- **TASK REQUIREMENTS**
An exact reproduction of the records is required, with all pictures omitted.

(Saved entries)

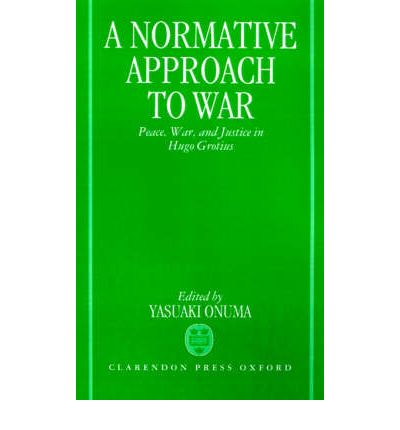 Cover for Yasuaki Onuma · A Normative Approach to War: Peace, War, and Justice in Hugo Grotius (Hardcover Book) (1993)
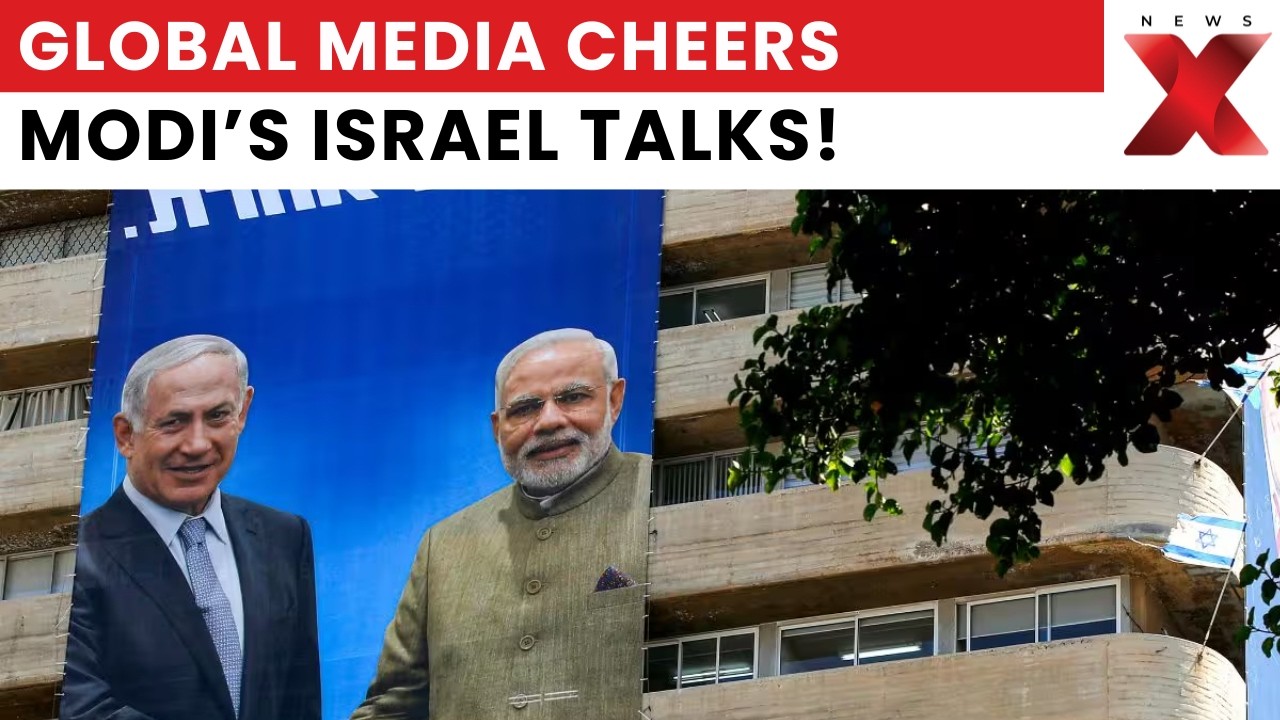 Global media highlights Modi’s Israel visit as historic milestone in India-Israel relations | NewsX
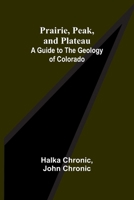 Prairie, Peak, and Plateau: A Guide to the Geology of Colorado 9361473603 Book Cover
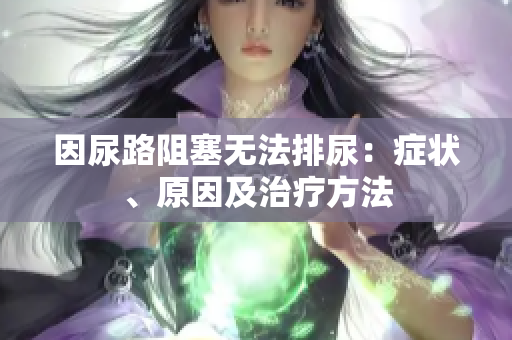 因尿路阻塞無(wú)法排尿：癥狀、原因及治療方法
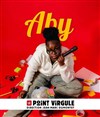 Aby - Le Point Virgule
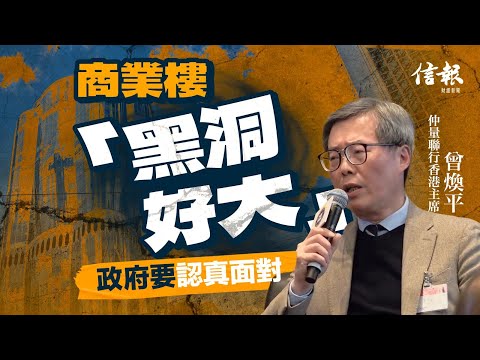 曾煥平﹕商業樓「黑洞好大」政府要認真面對｜信報月刊論壇｜香港樓市｜工商物業｜利息｜聯繫滙率｜特朗普｜工商舖｜仲量聯行｜住宅｜發展商【論盡熱話系列】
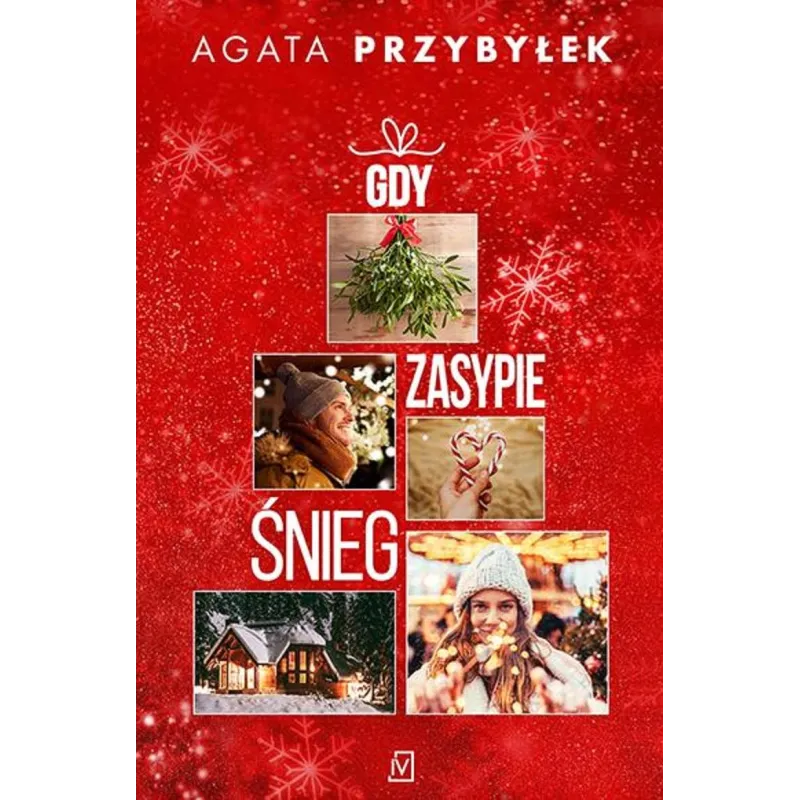 GDY ZASYPIE ŚNIEG Agata Przybyłek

- **RESPONSE TO THIS EXERCISE**
 Cover for Yasuaki Onuma · A Normative Approach to War: Peace, War, and Justice in Hugo Grotius (Hardcover Book) (1993)
 Global media highlights Modi’s Israel visit as historic milestone in India-Israel relations | NewsX
 Prairie, Peak, and Plateau: A Guide to the Geology of Colorado 9361473603 Book Cover
 因尿路阻塞無(wú)法排尿：癥狀、原因及治療方法
 Aby - Le Point Virgule
 曾煥平﹕商業樓「黑洞好大」政府要認真面對｜信報月刊論壇｜香港樓市｜工商物業｜利息｜聯繫滙率｜特朗普｜工商舖｜仲量聯行｜住宅｜發展商【論盡熱話系列】
 GDY ZASYPIE ŚNIEG Agata Przybyłek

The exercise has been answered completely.